The cove is one of the most beautiful places I’ve ever seen, set in a deep inlet on the North Atlantic, protected by an enormous granite promontory created 380 million years ago when two ancient land masses — Meguma and Avalon — collided and created mountains much like the Himalayas and pushing up what would become the Appalachian Mountain Range. Peggy’s Cove is a remnant of that range, cooked into granite and eroded by wind, rain, sea and repeated glaciers to reveal the Cove. 

In two days time, we saw every kind of weather from warm and sunny to bitter wind and crashing waves.

Ocean meets igneous rock. (Photo by © Chip Walter)

It was difficult to leave it behind. [Later you’ll be able to find more pictures of this remarkable part of the world when my new website’s gallery of pictures from around the world are updated.

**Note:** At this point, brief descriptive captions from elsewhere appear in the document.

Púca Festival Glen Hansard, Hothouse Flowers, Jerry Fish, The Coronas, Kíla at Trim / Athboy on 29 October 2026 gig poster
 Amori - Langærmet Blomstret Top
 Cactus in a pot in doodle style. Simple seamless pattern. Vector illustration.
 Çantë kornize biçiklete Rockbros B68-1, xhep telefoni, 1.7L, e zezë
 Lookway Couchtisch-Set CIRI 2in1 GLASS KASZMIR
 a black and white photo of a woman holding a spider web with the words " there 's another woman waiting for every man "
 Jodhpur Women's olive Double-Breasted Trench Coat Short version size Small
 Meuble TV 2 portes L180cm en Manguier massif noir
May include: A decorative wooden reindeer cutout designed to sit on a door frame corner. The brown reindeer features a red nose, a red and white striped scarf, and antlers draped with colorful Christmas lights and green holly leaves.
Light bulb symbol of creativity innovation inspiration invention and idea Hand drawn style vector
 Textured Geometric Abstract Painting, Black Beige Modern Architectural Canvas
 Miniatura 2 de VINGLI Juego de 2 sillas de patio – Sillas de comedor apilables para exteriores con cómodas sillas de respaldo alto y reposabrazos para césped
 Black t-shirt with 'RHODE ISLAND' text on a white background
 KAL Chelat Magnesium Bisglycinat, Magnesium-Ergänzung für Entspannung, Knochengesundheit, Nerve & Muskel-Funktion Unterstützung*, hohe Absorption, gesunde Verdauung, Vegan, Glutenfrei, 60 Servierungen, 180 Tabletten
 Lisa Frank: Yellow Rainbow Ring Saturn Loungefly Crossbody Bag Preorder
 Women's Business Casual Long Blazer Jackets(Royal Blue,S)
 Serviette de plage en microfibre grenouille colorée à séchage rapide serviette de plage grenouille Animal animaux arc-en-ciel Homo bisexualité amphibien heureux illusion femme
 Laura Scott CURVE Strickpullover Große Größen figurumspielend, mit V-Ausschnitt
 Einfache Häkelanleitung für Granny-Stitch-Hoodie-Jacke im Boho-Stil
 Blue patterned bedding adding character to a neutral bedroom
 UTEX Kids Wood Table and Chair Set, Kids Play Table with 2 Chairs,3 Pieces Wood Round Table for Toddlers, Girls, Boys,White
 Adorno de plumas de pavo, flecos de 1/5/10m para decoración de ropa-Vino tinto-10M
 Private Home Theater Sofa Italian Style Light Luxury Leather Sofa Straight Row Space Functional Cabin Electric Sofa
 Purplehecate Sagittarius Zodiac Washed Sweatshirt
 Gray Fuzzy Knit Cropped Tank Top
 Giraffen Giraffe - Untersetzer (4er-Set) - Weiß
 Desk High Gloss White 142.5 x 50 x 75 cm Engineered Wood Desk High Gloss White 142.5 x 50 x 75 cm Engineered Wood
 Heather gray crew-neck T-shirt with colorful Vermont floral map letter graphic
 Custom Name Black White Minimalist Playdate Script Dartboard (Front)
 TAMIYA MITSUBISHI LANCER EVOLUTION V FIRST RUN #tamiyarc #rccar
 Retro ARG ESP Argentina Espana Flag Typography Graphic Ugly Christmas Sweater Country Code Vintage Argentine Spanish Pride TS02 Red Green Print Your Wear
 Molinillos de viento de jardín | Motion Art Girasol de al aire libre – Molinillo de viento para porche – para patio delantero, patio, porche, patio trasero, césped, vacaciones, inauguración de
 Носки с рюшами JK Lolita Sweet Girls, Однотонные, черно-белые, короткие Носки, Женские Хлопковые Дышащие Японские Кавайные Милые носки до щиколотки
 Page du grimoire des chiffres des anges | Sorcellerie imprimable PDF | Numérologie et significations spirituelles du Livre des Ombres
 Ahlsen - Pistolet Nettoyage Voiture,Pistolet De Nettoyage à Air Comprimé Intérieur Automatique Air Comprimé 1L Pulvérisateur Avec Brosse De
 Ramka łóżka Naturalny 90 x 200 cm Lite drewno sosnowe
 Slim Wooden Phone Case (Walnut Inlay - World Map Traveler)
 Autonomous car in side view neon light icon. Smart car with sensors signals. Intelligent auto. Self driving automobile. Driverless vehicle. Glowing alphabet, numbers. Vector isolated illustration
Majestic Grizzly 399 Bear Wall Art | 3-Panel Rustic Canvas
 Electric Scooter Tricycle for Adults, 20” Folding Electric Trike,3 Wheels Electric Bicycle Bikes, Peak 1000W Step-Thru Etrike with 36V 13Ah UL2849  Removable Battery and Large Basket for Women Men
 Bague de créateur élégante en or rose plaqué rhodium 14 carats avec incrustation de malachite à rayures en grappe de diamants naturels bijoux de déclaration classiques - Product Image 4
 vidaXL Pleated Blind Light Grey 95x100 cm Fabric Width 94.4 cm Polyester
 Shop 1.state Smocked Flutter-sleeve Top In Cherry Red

Right now, if you like, you can visit many pictures from six continents that I’ve taken at www.chipwalter.com/gallery including Scotland, Istanbul, the Orkney Islands, and some of the oldest art in the world, taken while researching my article for National Geographic magazine, “The First Artists.”]


This is a series about Cyndy and Chip’s Vagabond Adventure - our journey to explore all seven continents, all seven seas and 100+ countries by land and sea, but never by jet. COVID has forced us to begin in North America from the tip of Newfoundland to the toe of Baja. Not a bad start. Soon we'll be heading overseas. What will the world be like following a global pandemic? What people will we meet? What cultures, places, languages and music will broaden us? Are we being pulled apart or are we coming together? We’ll find out. Come along with us on our #vagabondadventure. And tell us what you know and what you have learned in the parts of the world where you live or have visited. Along the way, let’s make the world a better place.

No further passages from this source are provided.